In the field of speech recognition, the development of technology for recognizing Chinese has always attracted significant attention. Recently, the FireRed team from Xiaohongshu released a brand new open-source speech recognition model — FireRedASR. This large-model-based speech recognition system has achieved outstanding results on multiple standard test sets, marking a major breakthrough in Chinese speech recognition technology.

144649d6-0590-4a91-b080-0db2afdf54a9.png

The core metric of FireRedASR is the Character Error Rate (CER); the lower the CER, the better the model's recognition performance. In recent public tests, FireRedASR achieved a CER of 3.05%, an 8.4% reduction compared to the previous best model, Seed-ASR. This result demonstrates the innovative capabilities of the FireRed team in speech recognition technology.

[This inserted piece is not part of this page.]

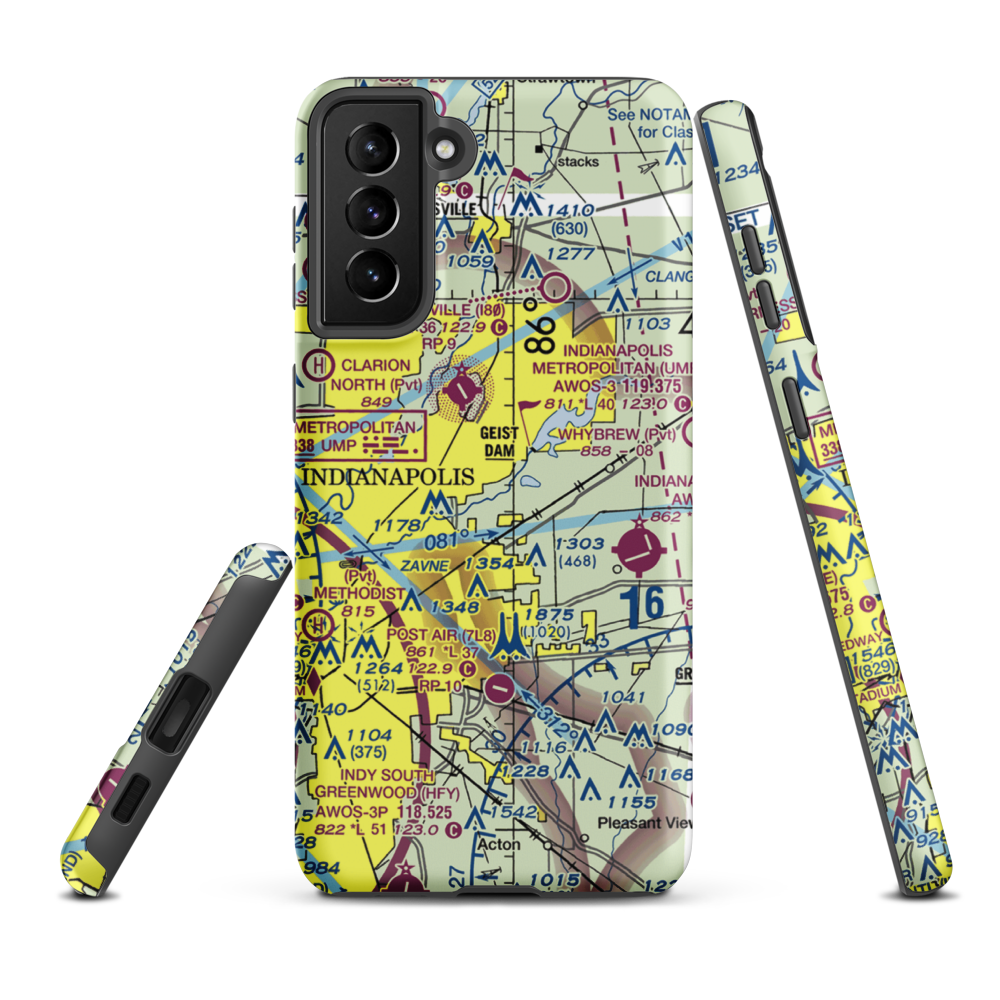 Fort Benjamin Harrison Helipad Heliport (91I) VFR Sectional Samsung Phone Case Samsung Galaxy S21 Plus model shown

The FireRedASR model consists of two core structures: FireRedASR-LLM and FireRedASR-AED. The former focuses on achieving the highest accuracy in speech recognition, while the latter strikes a good balance between accuracy and inference efficiency. The team has provided models of various sizes and inference codes to meet the needs of different application scenarios.

In multiple everyday application scenarios, FireRedASR has also demonstrated strong performance. In a test set composed of various sources, including short videos, live broadcasts, and voice input, FireRedASR-LLM reduced the CER by 23.7% to 40% compared to leading service providers in the industry. Particularly in scenarios requiring lyric recognition, the model performed exceptionally well, achieving a relative reduction of 50.2% to 66.7% in CER.

Furthermore, FireRedASR has excelled in scenarios involving Chinese dialects and English, with its CER significantly outperforming previous open-source models on the KeSpeech and LibriSpeech test sets, proving its robustness and adaptability in various language environments.

The FireRed team hopes to promote the development and application of speech recognition technology through the open-sourcing of this new model, contributing to the future of voice interaction. All models and code have been made public on GitHub, encouraging more developers and researchers to participate.

huggingface: https://huggingface.co/FireRedTeam

github: https://github.com/FireRedTeam/FireRedASR

Highlights:

- 🎤 FireRedASR is the newly released open-source speech recognition model from the Xiaohongshu team, with excellent accuracy in recognizing Chinese.

- 🚀 The model is divided into FireRedASR-LLM and FireRedASR-AED, catering to accuracy and efficiency needs respectively.

- 🌍 FireRedASR performs excellently in various scenarios, suitable for Mandarin, Chinese dialects, and English among other language environments.